Nordest, il mito dissolto

Forse mai prima il Veneto ha avuto una reputazione così negativa e una capacità di rappresentanza così bassa. Le due questioni vanno insieme.
Il crollo della reputazione ha a che vedere con alcune specifiche vicende: in particolare, lo scandalo del Mose e il crac delle due banche popolari venete.
La comunità nazionale, al cospetto di questi episodi - che richiamano corruzione, incompetenza, inadeguatezza - di buon grado ha colto una occasione per ridefinire rapporti e gerarchie nei riguardi dei sedicenti primi della classe. Perché il Veneto, con il “mito del Nordest”, che aveva natura economica e in pari tempo politica, ha a lungo richiamato a sé un destino di leadership nazionale, giocata soprattutto sul tasto dell’autonomia.
Gli esiti di tale avocazione sono largamente visibili, e consistono nelle macerie delle banche e in un sistema di appalti pubblici sostanzialmente alla paralisi.
La polemica contro lo Stato nazionale inefficiente e incapace, corrotto e lento, si è infranta contro i nostri domestici fallimenti.
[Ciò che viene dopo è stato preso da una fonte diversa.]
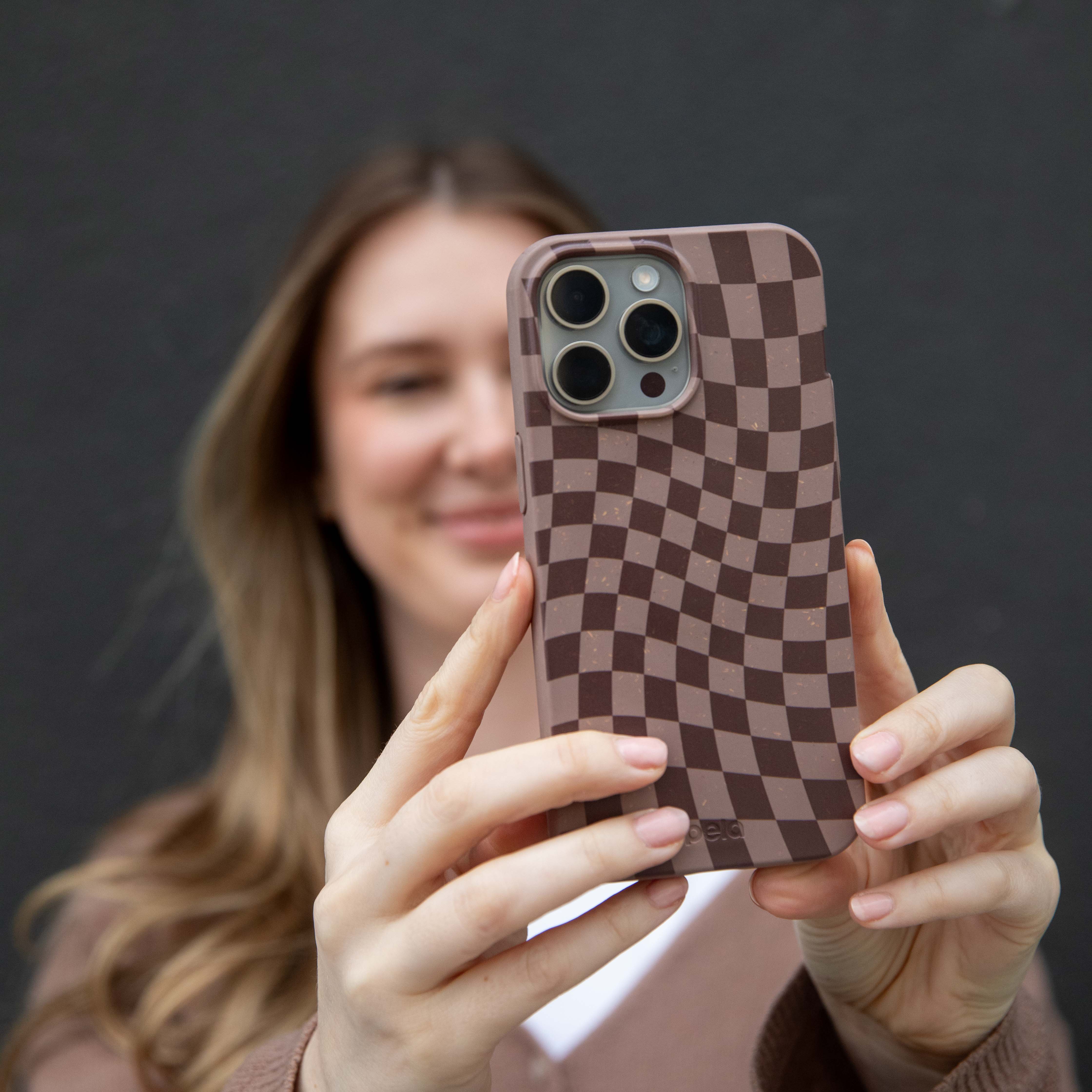Chocolate Brown Cafe Check Samsung Galaxy S21 Case - Image 2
E la voce dei vari attori della politica veneta, siano esponenti di governo o il governatore, i sindaci o i rappresentanti delle categorie economiche, non è mai stata tanto flebile e inascoltata in sede centrale.
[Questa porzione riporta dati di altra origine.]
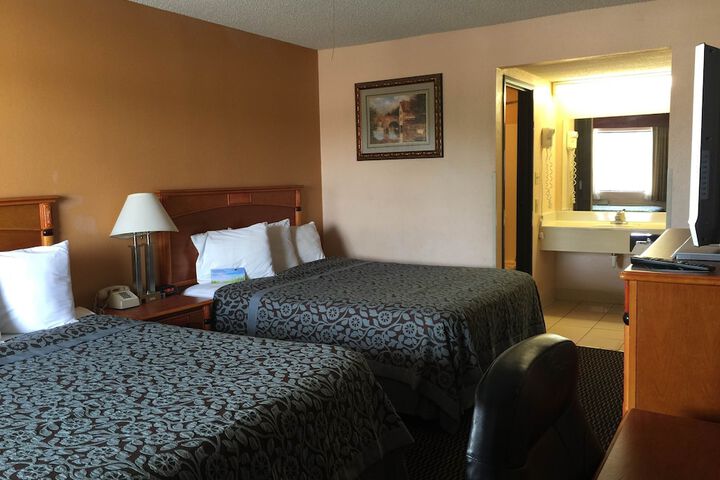 Room 36 of 39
Potremmo a lungo disquisire sul fatto che l’apparato dello Stato è comunque peggiore del sistema degli enti locali, potremmo discutere sulla nostra posizione in graduatoria in rapporto alle altre regioni, potremmo sostenere la differenza abissale tra Nord e Sud in tema di pubblica amministrazione.
Sta di fatto che non siamo più i primi della classe, che non siamo più percepiti come tali e che abbiamo paradossalmente contribuito ad affossare il processo delle riforme federali e a ridare fiato al neo-centralismo imperante.
Ma sarebbe improprio e del tutto scioccamente auto-assolutorio assegnare alla sola classe politica la responsabilità dell’attuale grigia e anzi mefitica stagione. Il crac delle banche popolari venete chiama in causa un intero ceto dirigente e ha carattere nazionale.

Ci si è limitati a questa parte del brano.